Data supplied.
+++++
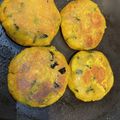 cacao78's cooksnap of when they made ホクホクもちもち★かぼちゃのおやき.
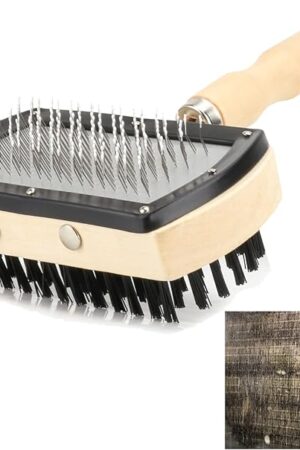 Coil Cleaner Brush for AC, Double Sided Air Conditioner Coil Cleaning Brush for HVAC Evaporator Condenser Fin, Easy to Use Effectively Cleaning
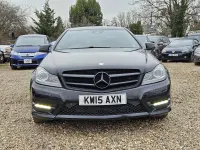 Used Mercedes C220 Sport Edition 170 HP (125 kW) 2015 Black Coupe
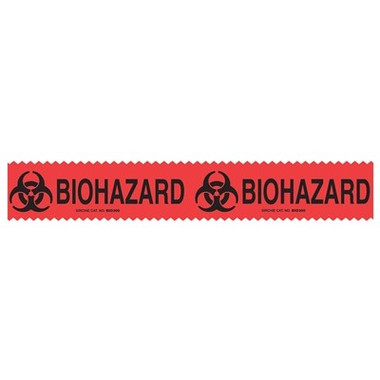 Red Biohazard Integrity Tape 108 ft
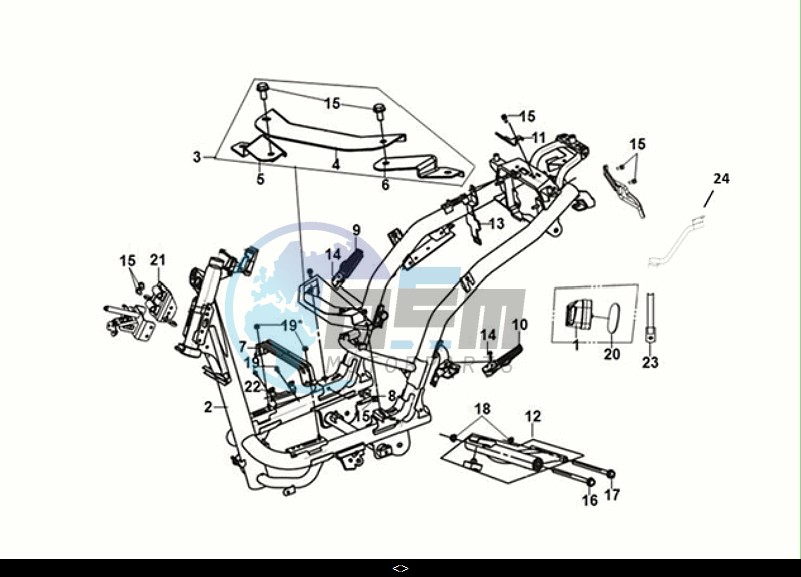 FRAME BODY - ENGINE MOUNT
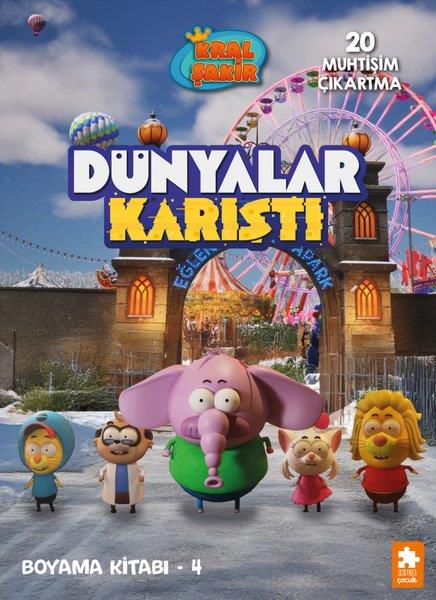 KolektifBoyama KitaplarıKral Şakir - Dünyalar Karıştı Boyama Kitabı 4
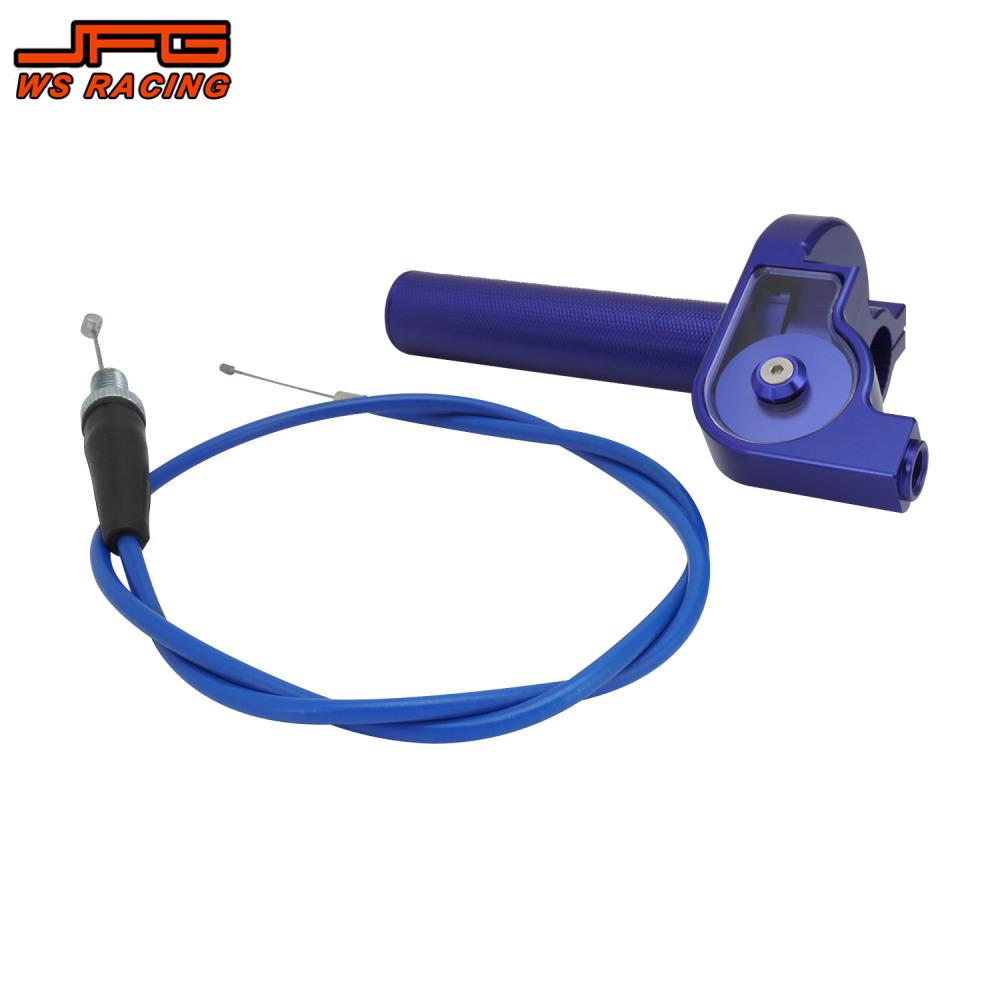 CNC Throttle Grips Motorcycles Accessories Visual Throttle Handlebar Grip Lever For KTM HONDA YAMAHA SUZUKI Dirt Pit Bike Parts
+++++
Copy out the entries exactly. No pictures.

Response below.
 cacao78's cooksnap of when they made ホクホクもちもち★かぼちゃのおやき.
 Coil Cleaner Brush for AC, Double Sided Air Conditioner Coil Cleaning Brush for HVAC Evaporator Condenser Fin, Easy to Use Effectively Cleaning
 Used Mercedes C220 Sport Edition 170 HP (125 kW) 2015 Black Coupe
 Red Biohazard Integrity Tape 108 ft
 FRAME BODY - ENGINE MOUNT
 KolektifBoyama KitaplarıKral Şakir - Dünyalar Karıştı Boyama Kitabı 4
 CNC Throttle Grips Motorcycles Accessories Visual Throttle Handlebar Grip Lever For KTM HONDA YAMAHA SUZUKI Dirt Pit Bike Parts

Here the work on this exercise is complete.